Par ailleurs, le conventionnement des logements sociaux est temporaire et la durée moyenne de conventionnement est passée de 35 ans à 10 ans, voire moins pour les nouveaux programmes. Les contraintes d’attribution disparaissent avec le conventionnement. Le conventionnement peut être racheté avant terme ou simplement transféré d’un logement à un autre en cas de déséquilibre de peuplement. On considère également que certains types de ménages sont « non conventionnables », dans le sens où, en dépit du système d’attribution, il est difficile de les faire accepter par les investisseurs en raison de leur profil.

Pour ce type de population, des systèmes spécifiques de « garanties communales » ou de « droits d’occupation » sont mis en œuvre par les Communes.

- la question de la mixité sociale renvoie aussi à celle du risque financier pour l’entreprise de logement social (impayés). Dans un grand nombre d’Etats membres, la réservation communale pour les cas les plus urgents et difficiles s’accompagne d’une garantie communale de paiement du loyer en cas d’impayés (Danemark, Suède, Allemagne pour les droits d’occupation). Dans d’autres pays, les systèmes d’aides personnelles au logement couvrent jusqu’à 100% du loyer pour les personnes démunies relevant de l’aide sociale (Royaume-Uni, Irlande). Ces mécanismes de prise en charge intégrale du risque d’impayés par l’autorité publique participe d’une claire répartition des rôles et des responsabilités entre l’entreprise de logement social et l’autorité publique, notamment en cas de mission très sociale où le risque économique est porté par l’autorité publique et non transféré sur l’entreprise de logement social à charge pour elle de procéder aux péréquations nécessaires au sein de son propre patrimoine.

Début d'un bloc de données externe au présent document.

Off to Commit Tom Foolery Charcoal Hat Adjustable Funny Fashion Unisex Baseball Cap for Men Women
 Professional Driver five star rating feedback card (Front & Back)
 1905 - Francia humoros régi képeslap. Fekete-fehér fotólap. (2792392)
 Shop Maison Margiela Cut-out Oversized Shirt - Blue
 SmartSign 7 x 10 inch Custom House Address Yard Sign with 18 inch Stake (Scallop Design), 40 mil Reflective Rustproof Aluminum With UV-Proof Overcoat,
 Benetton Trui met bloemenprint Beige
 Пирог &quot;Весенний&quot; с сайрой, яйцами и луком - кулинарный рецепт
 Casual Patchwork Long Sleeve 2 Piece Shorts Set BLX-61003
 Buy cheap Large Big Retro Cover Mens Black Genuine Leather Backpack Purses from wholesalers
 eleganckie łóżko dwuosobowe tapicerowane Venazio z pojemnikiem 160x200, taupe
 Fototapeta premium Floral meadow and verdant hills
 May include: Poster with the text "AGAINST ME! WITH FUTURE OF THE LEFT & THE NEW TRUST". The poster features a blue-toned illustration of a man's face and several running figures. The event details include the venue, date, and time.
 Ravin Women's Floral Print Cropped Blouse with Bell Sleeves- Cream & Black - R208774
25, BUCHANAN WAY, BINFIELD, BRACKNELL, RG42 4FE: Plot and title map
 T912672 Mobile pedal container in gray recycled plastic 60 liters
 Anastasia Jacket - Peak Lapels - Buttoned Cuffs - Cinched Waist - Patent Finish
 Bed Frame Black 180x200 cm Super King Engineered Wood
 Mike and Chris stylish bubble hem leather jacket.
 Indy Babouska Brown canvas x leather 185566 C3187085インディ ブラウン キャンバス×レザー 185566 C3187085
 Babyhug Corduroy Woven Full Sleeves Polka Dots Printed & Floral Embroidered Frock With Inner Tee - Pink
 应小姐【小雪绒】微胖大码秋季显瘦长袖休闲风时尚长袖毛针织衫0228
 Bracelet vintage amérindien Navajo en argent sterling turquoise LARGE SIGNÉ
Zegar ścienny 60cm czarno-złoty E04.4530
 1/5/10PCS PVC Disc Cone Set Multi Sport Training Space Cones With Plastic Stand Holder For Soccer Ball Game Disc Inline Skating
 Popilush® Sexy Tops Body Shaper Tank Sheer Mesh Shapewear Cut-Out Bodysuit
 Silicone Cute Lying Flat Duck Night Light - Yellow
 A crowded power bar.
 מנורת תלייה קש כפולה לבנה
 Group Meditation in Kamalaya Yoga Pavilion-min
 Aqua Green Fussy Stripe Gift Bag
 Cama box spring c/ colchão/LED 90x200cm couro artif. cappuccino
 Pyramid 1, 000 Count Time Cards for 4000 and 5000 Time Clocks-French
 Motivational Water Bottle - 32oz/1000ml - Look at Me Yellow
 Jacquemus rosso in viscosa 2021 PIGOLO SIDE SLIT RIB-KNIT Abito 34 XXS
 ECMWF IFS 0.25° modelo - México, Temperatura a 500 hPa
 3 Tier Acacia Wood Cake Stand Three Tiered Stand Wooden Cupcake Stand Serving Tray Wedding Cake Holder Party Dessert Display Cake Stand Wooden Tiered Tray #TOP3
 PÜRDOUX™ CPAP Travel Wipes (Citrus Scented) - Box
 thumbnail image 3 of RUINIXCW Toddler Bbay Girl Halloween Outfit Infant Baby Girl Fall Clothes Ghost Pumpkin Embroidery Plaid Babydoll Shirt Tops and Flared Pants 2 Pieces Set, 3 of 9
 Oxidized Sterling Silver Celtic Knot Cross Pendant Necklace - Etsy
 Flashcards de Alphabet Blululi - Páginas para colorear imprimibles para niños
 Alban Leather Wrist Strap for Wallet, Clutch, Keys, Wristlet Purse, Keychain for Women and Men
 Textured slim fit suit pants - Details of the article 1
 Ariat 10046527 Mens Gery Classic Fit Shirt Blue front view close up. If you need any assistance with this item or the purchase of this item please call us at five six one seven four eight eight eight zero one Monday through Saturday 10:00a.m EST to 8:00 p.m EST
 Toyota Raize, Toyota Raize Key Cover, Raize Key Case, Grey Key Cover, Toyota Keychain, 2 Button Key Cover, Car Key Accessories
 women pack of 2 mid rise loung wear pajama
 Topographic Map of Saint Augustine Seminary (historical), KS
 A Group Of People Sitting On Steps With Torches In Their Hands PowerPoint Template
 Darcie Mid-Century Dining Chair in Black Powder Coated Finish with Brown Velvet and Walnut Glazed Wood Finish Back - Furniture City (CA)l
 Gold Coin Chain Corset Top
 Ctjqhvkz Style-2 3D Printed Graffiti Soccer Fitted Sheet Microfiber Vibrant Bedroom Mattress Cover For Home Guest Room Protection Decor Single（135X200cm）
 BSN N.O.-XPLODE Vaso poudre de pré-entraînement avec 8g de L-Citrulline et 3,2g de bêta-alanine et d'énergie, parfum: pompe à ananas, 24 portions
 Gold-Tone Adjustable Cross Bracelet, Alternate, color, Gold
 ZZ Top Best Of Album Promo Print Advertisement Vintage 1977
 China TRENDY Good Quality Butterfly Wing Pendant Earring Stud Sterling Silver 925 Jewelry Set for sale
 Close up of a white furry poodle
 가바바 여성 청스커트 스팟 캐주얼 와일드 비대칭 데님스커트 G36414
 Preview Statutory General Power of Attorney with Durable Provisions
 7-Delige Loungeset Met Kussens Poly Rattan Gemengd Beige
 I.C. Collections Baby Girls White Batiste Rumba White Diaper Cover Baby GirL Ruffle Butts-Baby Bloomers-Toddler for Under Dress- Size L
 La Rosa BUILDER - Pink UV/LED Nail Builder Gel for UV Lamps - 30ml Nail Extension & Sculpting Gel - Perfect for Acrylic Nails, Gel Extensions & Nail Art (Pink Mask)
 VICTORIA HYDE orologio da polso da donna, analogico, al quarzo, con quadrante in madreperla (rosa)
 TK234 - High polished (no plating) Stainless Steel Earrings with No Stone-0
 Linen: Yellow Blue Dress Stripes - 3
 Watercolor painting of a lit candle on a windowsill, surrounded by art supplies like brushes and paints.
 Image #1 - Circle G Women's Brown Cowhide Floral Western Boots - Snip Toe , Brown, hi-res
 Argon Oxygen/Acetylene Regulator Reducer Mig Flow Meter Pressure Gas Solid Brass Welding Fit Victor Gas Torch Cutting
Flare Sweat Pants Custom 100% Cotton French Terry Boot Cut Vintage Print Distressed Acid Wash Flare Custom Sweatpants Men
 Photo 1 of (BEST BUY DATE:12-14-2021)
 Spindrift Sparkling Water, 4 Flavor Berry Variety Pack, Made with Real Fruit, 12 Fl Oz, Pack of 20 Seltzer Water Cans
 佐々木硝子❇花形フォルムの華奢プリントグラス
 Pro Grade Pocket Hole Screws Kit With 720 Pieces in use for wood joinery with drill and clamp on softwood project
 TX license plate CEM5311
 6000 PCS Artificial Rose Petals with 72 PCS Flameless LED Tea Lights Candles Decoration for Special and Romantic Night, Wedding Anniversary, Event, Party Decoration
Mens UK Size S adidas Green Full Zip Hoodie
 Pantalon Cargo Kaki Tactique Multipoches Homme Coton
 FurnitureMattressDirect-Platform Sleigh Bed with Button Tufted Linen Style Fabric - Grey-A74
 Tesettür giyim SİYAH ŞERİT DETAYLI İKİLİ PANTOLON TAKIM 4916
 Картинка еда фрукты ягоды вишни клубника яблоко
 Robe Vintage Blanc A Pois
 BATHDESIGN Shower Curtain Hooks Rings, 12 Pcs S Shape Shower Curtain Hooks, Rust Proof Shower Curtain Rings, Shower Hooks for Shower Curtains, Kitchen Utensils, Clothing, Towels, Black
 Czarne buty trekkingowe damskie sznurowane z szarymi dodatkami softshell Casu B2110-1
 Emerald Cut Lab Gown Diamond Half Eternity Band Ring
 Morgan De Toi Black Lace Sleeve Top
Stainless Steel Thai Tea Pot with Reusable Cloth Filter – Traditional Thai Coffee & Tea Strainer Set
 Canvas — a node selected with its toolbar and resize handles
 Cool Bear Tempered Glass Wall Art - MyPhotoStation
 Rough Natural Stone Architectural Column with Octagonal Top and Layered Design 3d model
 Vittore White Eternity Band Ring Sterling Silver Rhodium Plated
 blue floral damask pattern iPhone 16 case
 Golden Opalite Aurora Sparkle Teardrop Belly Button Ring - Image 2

- la question de la mixité sociale, qui se base sur l’équilibre du peuplement, est toute relative et dépend de la mission que se sont fixée les organismes de logement social. Au Royaume-Uni, 50% des réservations communales sont affectées au relogement des sans-abri officiels, soit 25% de l’ensemble des attributions des Housing Associations. Loin de s’en plaindre, certaines Housing Associations portent ce taux de réservation à 100% ou contribuent sur le contingent de logements sociaux non réservé par la Commune, au relogement des sans-abri non reconnus comme tel par la loi.

- la mixité sociale peut être aussi un impératif économique, notamment dans les systèmes où les loyers sont fonction des revenus des locataires comme en Belgique et en Italie. Alors que les législateurs régionaux ont resserré les dispositifs, des portes de sorties ont été laissées ouvertes de façon à préserver certains instruments de rééquilibrage social et économique.

- enfin et surtout, la sensibilité des bailleurs à la question de la mixité sociale dépend de la nature de leur patrimoine et de l’évolution de sa vocation. Les constats de paupérisation des ménages en place, l’érosion progressive de leur vocation généraliste, la dérive des grands ensembles de logements sociaux, sont autant de facteurs contribuant à l’émergence de cette problématique de mixité sociale et de communautés durables.

Ces quelques remarques démontrent, s’il en était besoin, la complexité de la question de la mixité sociale et du peuplement et la diversité des paramètres qui interfèrent sur le résultat final. L’attribution n’est qu’un des termes de l’équation.